No meio de uma conversa sobre o actual estado das coisas, um amigo, menos afeito a partidos e a doutrinas, procurava alertar-me para a necessidade de “descer à terra”. Dizia que devia deixar-me de lirismos. Segundo ele, “são eles sempre que governam”. Por isso, para fazer a diferença, havia que optar sempre entre os que “realmente decidiam”. Os que “alternavam no poder” e dispunham de “amplas bases de recrutamento”.
Enquanto procurava demonstrar-lhe a estreiteza de sistema democrático que teríamos se todos pensassem assim, recordei-me de uma das frases que mais me chocaram do cele(b)rado “contributo cívico” do Prof.
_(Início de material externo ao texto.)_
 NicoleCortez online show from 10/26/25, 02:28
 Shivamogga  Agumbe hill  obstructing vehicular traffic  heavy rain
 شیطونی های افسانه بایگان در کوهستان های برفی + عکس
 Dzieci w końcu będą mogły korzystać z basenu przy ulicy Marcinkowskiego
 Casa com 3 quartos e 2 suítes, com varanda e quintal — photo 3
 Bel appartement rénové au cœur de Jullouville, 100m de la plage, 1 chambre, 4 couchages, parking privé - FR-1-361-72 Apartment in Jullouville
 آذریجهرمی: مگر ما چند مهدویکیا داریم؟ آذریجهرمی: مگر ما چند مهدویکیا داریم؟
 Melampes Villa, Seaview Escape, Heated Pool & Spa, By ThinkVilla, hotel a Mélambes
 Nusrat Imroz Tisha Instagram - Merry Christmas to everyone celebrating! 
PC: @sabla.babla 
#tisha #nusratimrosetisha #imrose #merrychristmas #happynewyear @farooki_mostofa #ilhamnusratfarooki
Freitas do Amaral: “Para quem saiba e queira pensar em termos nacionais, o voto só pode ser, portanto, no PS ou no PSD”. Esta frase, vinda, sobretudo, de quem liderou um partido com a natureza do CDS, soa a capitulação e a autocrítica. Dizer que o resto é mais ou menos decorativo, mais ou menos irrelevante, equivale a abdicar daquilo que deve (ou deveria) ser o motor do combate político: a discussão de ideias e soluções e a vontade de chegar à governação para as poder pôr em prática. É particularmente significativo que alguém que, apesar de fazer parte de um partido minoritário, assumiu cargos de relevo em governos de coligação - que lhe permitiram tomar medidas e definir linhas que, de outra forma, não passariam do papel - reaja agora contra a própria essência da sua existência política. O que teria sido do país se Freitas do Amaral tivesse pensado sempre assim? Onde teria ficado a defesa do humanismo e do personalismo, da democracia de matriz ocidental e não socialista, se os homens e mulheres que fizeram o CDS se tivessem resignado aos ditames politicamente correctos do PRECtugal de então? Deveriam ter desistido? Aderido todos ao PS e ao PPD? Ou, simplesmente, abdicado de ter acção política pública? Não terá valido a pena?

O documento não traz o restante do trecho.